Zoals meer valleien die Kedron heetten is de vallei droog totdat de zware
winterregens het onder water zetten. Volgens traditie is dit de Vallei van
Josafat; de plaats waar God zitting zal nemen op de dag des oordeels. Deze
traditie wordt bestendigd doordat de vallei een groot kerkhof voor Joden,
Christenen en Islamieten. Vlakbij de muren van Jeruzalem is de vallei niet zo
breed als iets verderop lager bij het zuidelijk deel van de stadsmuur. Wel is
het zeker dat de bodem van de vallei 15 meter hoger is komen te liggen sinds het
begin van de jaartelling. Toch is het Kedrondal een aandoenlijke plaats voor wie
in de sporen van Jezus wil treden. Jezus, passeerde vaak een van de bruggen over
de vallei wanneer hij van Jeruzalem naar Bethanië, of zoals Johannes het
verwoordde, wanneer hij naar de 'overzijde van het Kedrondal' (Joh. 18:2) ging.
Het Hof door de jaren heen
Het Kedrondal ter hoogte van het Hof van Gethsemane is langzaam ondieper
geworden, wegen zijn omgeleid en verbreed. Toch is het niet moeilijk de plaatsen
voor te stellen waar Jezus in doodsangst was en werd gearresteerd.
Van de olijfboomgaarden, die in wat in het evangelie een ‘eigendom’ of
‘tuin’ wordt genoemd, zijn alleen een paar stukken grond over. Een ervan,
die gewoonlijk ‘Het Hof van Gethsemane’ wordt genoemd is 1200 m² en ligt
rechts langs het pad dat de Olijfberg op gaat en naast de Basiliek van Alle
Naties. Oorspronkelijk behoorde ook de grond waar nu de Basiliek staat ook tot
het terrein, die gebouwd is op de ruines van de kerk die volgens St. Jerome en
Etheria stond op de plaats waar Jezus gebeden heeft.
De eigenaren
Het Hof van Gethsemane was lange tijd onderdeel van het erfgoed van de kerk
die in de 4e eeuw was gebouwd op de plaats van de Doodsangst. Nadat
de kruisvaarders waren verdwenen (eind 13e eeuw) onderging de tuin
het lot dat alle Christelijke eigendommen viel en was overgedragen als een ‘wagf’
(religieus erfgoed) om een Islamitisch religieus doel te ondersteunen; in dit
geval een theologische school die werd ondergebracht in de St. Anna’s kerk
(gelegen net binnen de oude stadsmuren vlakbij het hof). Pelgrims van de 13e
en navolgende eeuwen noemen het een ‘bloemenveld’ en een ‘bloementuin’.

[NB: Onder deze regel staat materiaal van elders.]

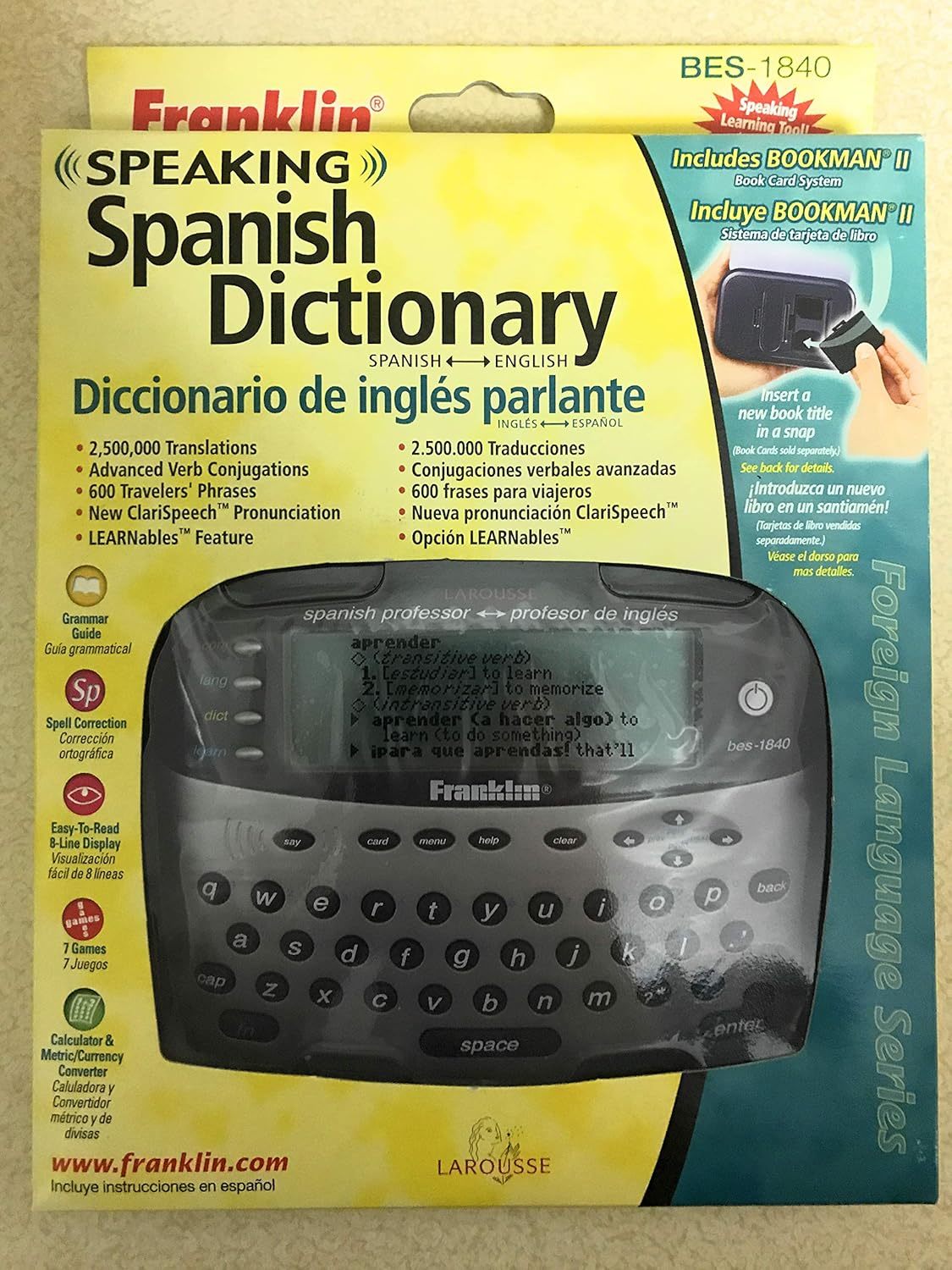 Franklin Bes-1840 Speaking Spanish/English Dictionary - $168.93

Vanaf de 14e eeuw, werd het verdeeld en verschillende percelen door
gescheiden door paden en lage muurtjes. Het aantal mensen dat kwam bidden nam
steeds meer toe. Terwijl de oosterse Christenen vasthielden aan de oude
tradities, in ieder geval ten aanzien van de Doodsangst, verruilden de westerse
bezoekers de plaats van de Doodsangst voor de in de buurt gelegen grot, die
daarom de naam ‘Grot van de Doodsangst’ kreeg. De tuin werd als de
plaats van zijn arrestatie gezien.
In de 17e eeuw kwam het Hof van Gethsemane in handen van de
Franciscanen. Hoewel de officiële eigendomsakte in 1681 werd opgesteld, zou het
hof, als we verschillende pelgrims moeten geloven, al in 1666 toebehoren aan de
Franciscanen. De meeste pelgrims zagen de plaats waar de oude olijfbomen stonden
als het Hof van Gethsemane, de bomen die volgens de ‘algemene opinie’ en ‘traditie
van het land’ teruggaan tot Jezus’ tijd. Het gebied is nooit gecultiveerd.
Een muur van ongemetselde stenen van één meter hoogte begrensde het.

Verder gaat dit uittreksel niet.